___ Input data

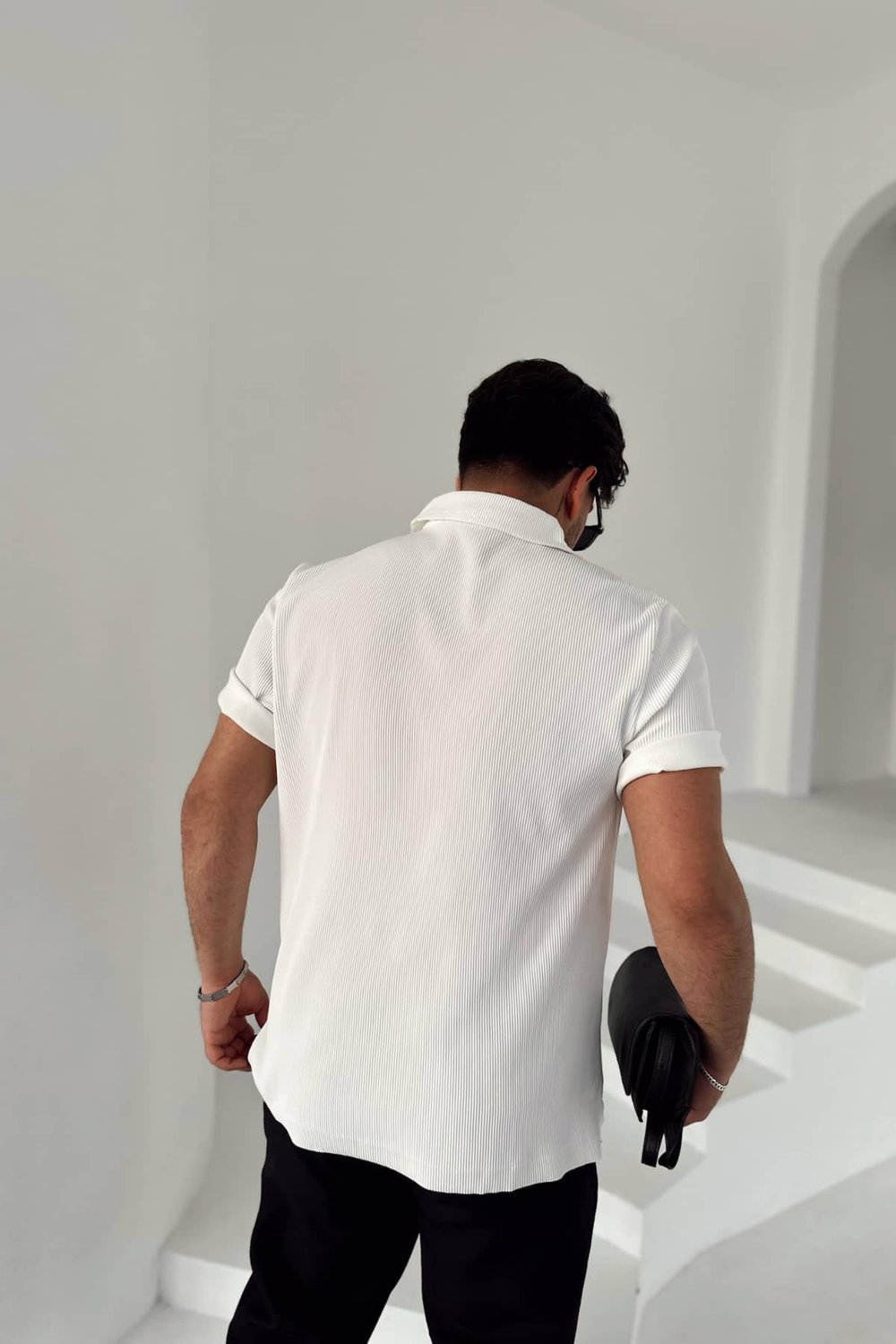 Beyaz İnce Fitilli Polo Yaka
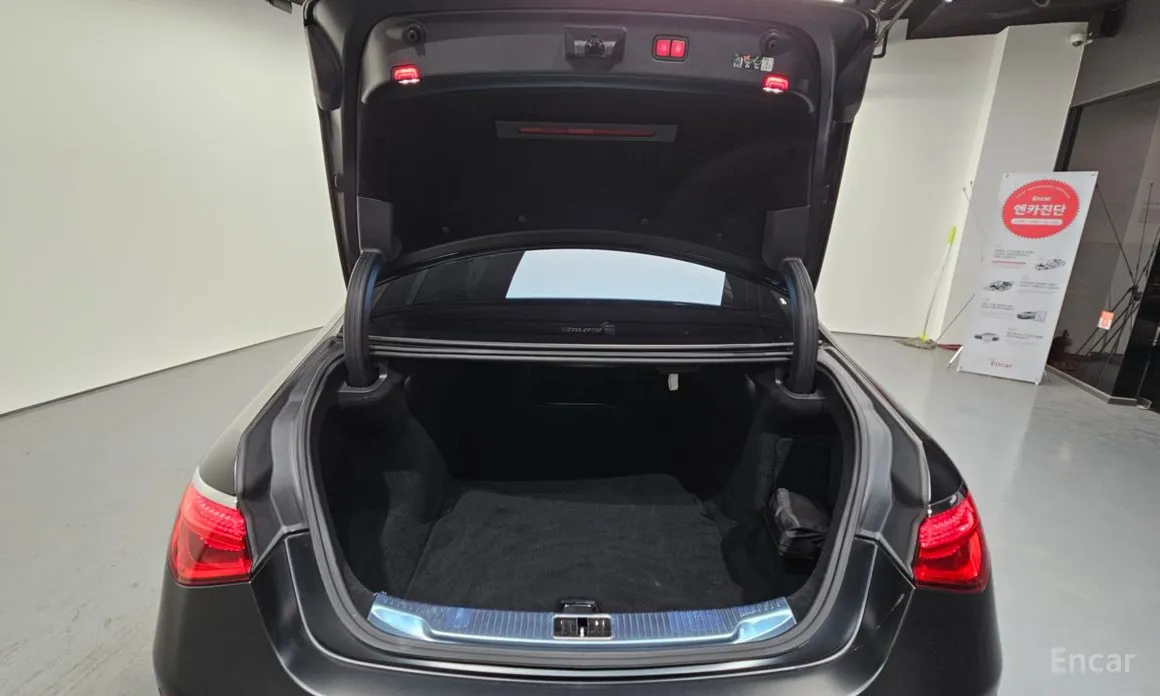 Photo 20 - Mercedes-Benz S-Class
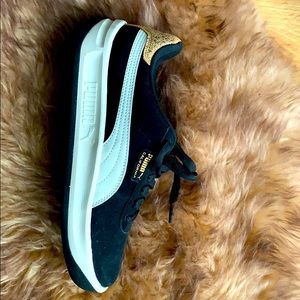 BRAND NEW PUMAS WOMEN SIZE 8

______

Work instruction: If you see a picture in the listing, skip it while copying everything else exactly.

Task response:
 Beyaz İnce Fitilli Polo Yaka
 Photo 20 - Mercedes-Benz S-Class
 BRAND NEW PUMAS WOMEN SIZE 8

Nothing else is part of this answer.